- [Records for processing]:
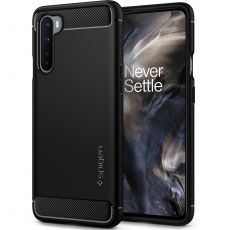 Púzdro SPIGEN RUGGED ARMOR™ pre OnePlus NORD - čierne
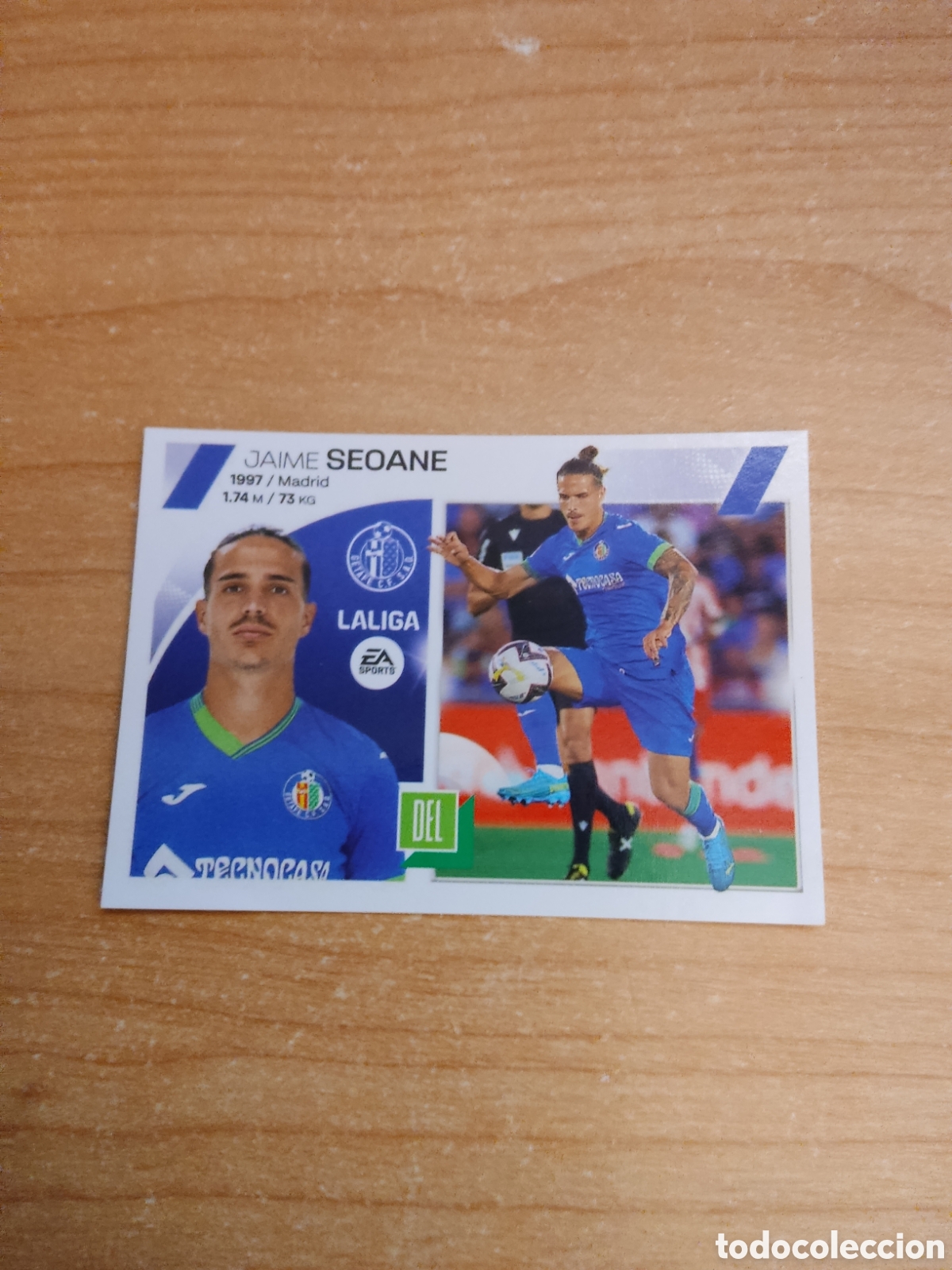Cromos de f&uacute;tbol: 17 B SEOANE GETAFE LIGA ESTE 2023 2024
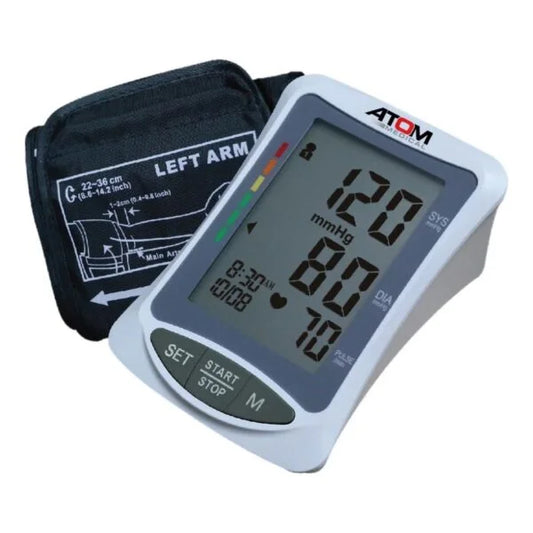 Atom Medical Blood Pressure Monitor AT-804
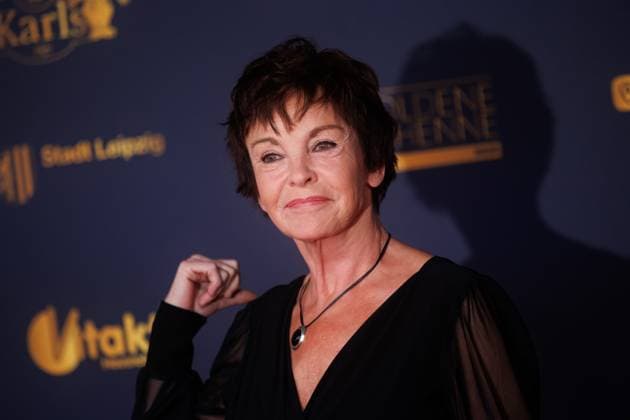 Award - Goldene Henne 2025 - Katrin Sass bei der Goldenen Henne 2025 in der Messe Leipzig am 12.09.2025. Copyright: xEventpressxKochanx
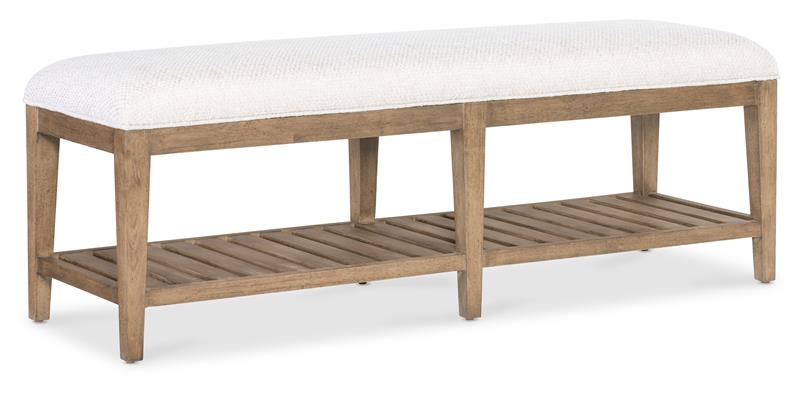 Vineyard Row Bed Bench - 6952-90119-80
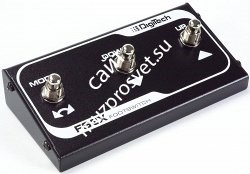 DIGITECH FS3X трёхкнопочный ножной переключатель (футсвич) - фото 71431
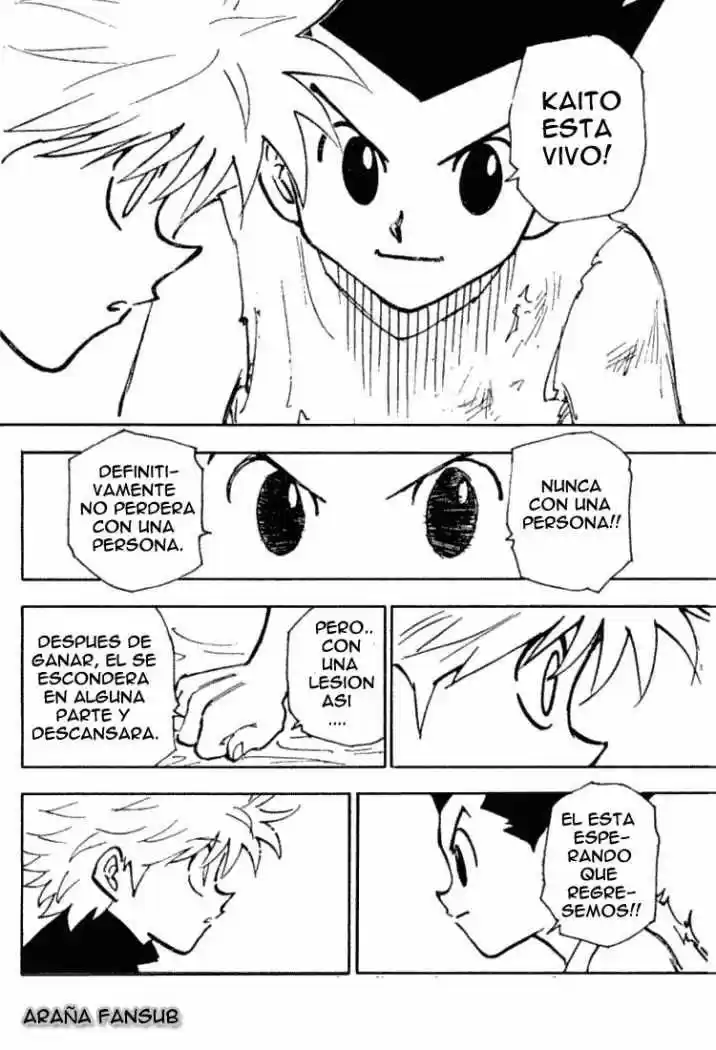Hunter X Hunter (1998) - Capítulo 199 - Página 12 - LectorTMOo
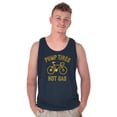 thumbnail image 1 of Bicycle Pump Tires Not Gas Eco Biker Tank Top T Shirts Men Women Brisco Brands S, 1 of 6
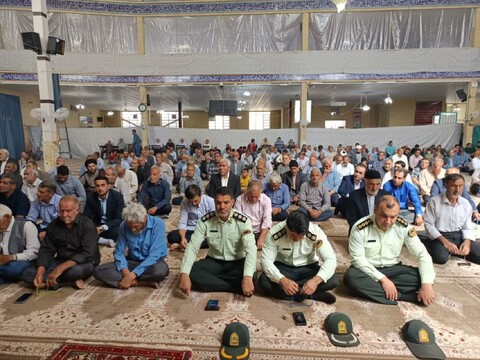 تصاویر / نماز جمعه شهرستان های همدان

- [Work to be completed]: Copy exactly, please, the lines that run from the line holding "thumbnail image 1" through the closing line of the material above, omitting every picture.

- [Problem solution]:
 thumbnail image 1 of Bicycle Pump Tires Not Gas Eco Biker Tank Top T Shirts Men Women Brisco Brands S, 1 of 6
 تصاویر / نماز جمعه شهرستان های همدان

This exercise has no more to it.